少年就地翻起,幾步就利落地翻到窗戶處,開窗後,眼也不眨地直接跳了下去,如風一般,他下去後那馬蹄聲幾乎立刻就停了。

漆汩靳樨對視一眼,見霜縞君沒有反對的意思,兩人走到窗戶邊。

緊接著公鉏白和臧初也過來了,四人同時看下去。

只見少年正與街上一個著鎧的男子過招,那男子看樣子也很年輕,像只新生的狼王,過招下來眼裏的星光越發明亮,但笑起來的時候有幾分邪氣,卻並不叫人心生不喜,總的來說,是副不錯的樣貌,加上習武之人精神頭很好,不難理解原諸浮侯對他的讚賞。

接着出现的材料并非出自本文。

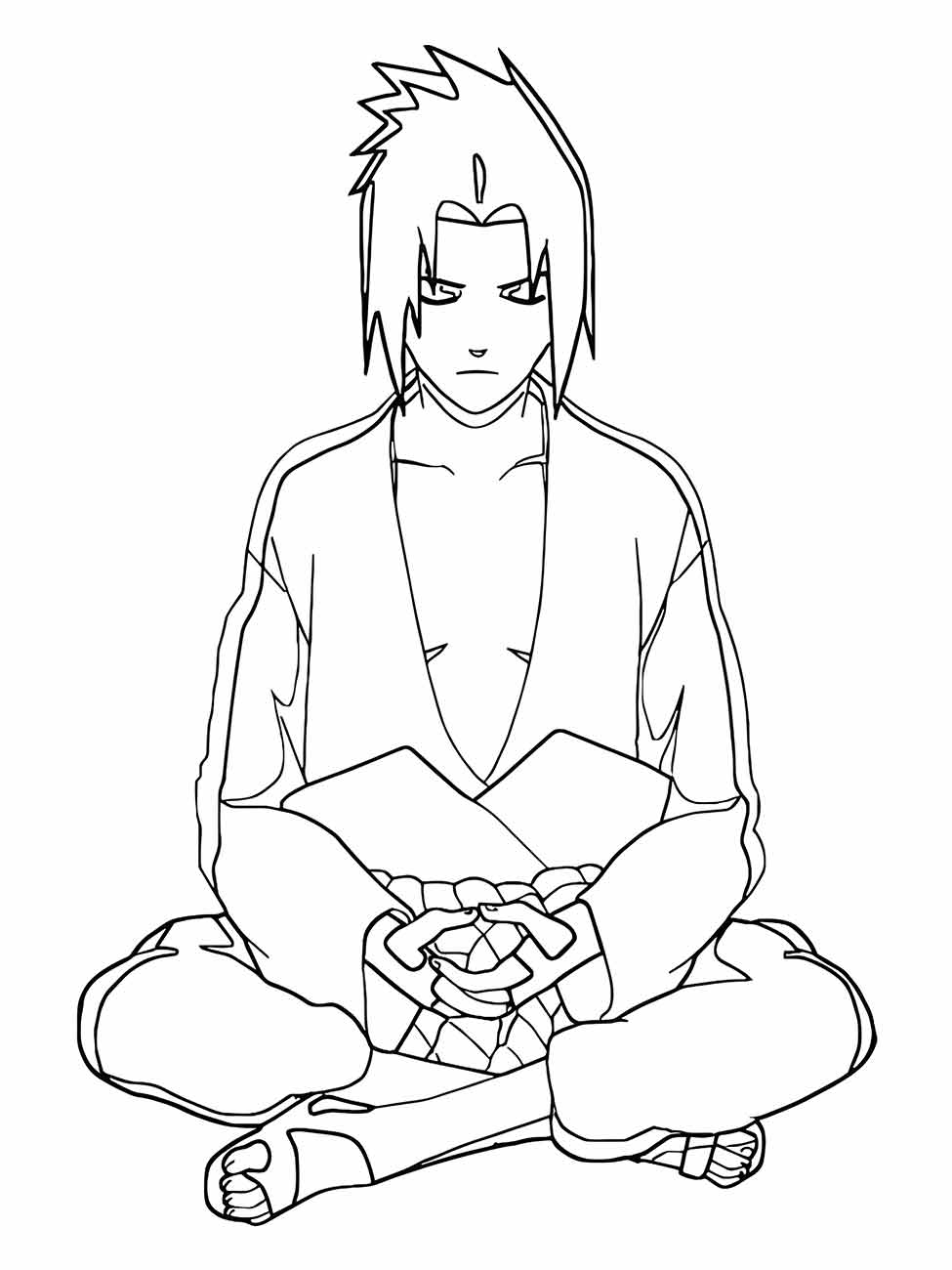 Desenho para colorir de Sasuke meditando com as mãos juntas.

一匹黑馬停在不遠處,無聊地踏著步,馬上還坐著位執笛的文士。

漆汩一震,扭頭看向坐得安穩、還在喝酒的霜縞君,這位擐甲人士的身份不言而喻,應該就是那位任引。

霜縞君未免也太莽了,竟然直接就這麽當街攔。

少年與任引都沒有使兵器,只聽得到拳對拳、腿對腿的悶響。倆人大打出手,乍一對上,竟像是決不出勝負,任引看起來反而越打越興奮,一個翻身站定,抻了下手臂,看起來要認真打了。

漆汩小聲問靳樨:“那少年的功夫如何?”

靳樨低頭對漆汩耳語道:“無論誰,在與這個小少年交手的第一炷香內,都很難有勝算。”

言外之意是說,一炷香開外就不一定了。

果不其然,隨著時間的流逝,少年看起來已經有些支撐不住了,改攻為守,這時那馬上觀戰的文士冷笑一聲,揚聲道:“……我說那位,有話直說,何必弄個小孩過來打,每回都這樣,煩不煩?”

霜縞君聞聲踱步而來,撐著窗戶道:“開個玩笑而已。”

漆汩:“……”

看來見面叫人打架是霜縞君的惡趣味。

文士看她一眼,微微皺眉,而後恢覆正常,道:“要是能讓小孩隨便打贏,他還怎麽混?”

“也是。”霜縞君頷首,欣然道,“琥珀,回來吧。”

少年絲毫不脫泥帶水,聞言立刻使輕功飛到了屋檐上,離開了任引的攻擊範圍。

任引見狀緩緩收了勢,道:“我今天正好沒得打,手癢,小琥珀,多謝了。”

少年不吭聲。

“有何貴幹啊,這位……”任引仰頭問,“……姑娘?”

他微微在“姑娘”二字上加重語氣,不知是何意味。

“二位用過飯沒有?”霜縞君道,“我請二位吃個晚飯吧。”

任引道:“本來準備回去能吃點某人親手做的飯,但既然姑娘都邀請了,自然是卻之不恭。”

這時張蘋已經下到梅風樓外,拱手迎道:“大人。”

“掌櫃帶路。”文士說。

待少年翻窗原路進來後,霜縞君含笑關了窗,道:“來得早不如來得巧,四位回席罷。”

四人互看一眼,霜縞君這先斬後奏的作風實在是讓人招架不來,便先各自回了自己原本的位置。

不多時,張蘋帶著任引和那文士進門來。

任引沒料到裏頭還有別人,竟一下還有四個人,神色一凜,端起來,入席時扭頭看文士並沒有太意外的神色,遂用口型道:“你知道?怎麽沒告訴我?”

文士平靜道:“沒來得及說。”

任引:“……”

“在下驪犀。”靳樨率先道,“江湖人士。”

“寧七。”漆汩緊接著道。

“公鉏白。”

“臧初。”

“諸浮侯,任引。”任引隨意地拱拱手,也入座了,“他是王黔,我最信任的人。”

王黔微微頷首:“既然是少君的朋友,就不能算是普通的江湖人士。”

張蘋窸窸窣窣地上膳盒,王黔替任引解甲,動作十分熟稔,當啷一聲扔在席邊。

“梅風樓的夥食還是很好。”任引打開膳盒,說,“少君的廚子那麽多,分我們行伍一位又能怎麽樣呢?”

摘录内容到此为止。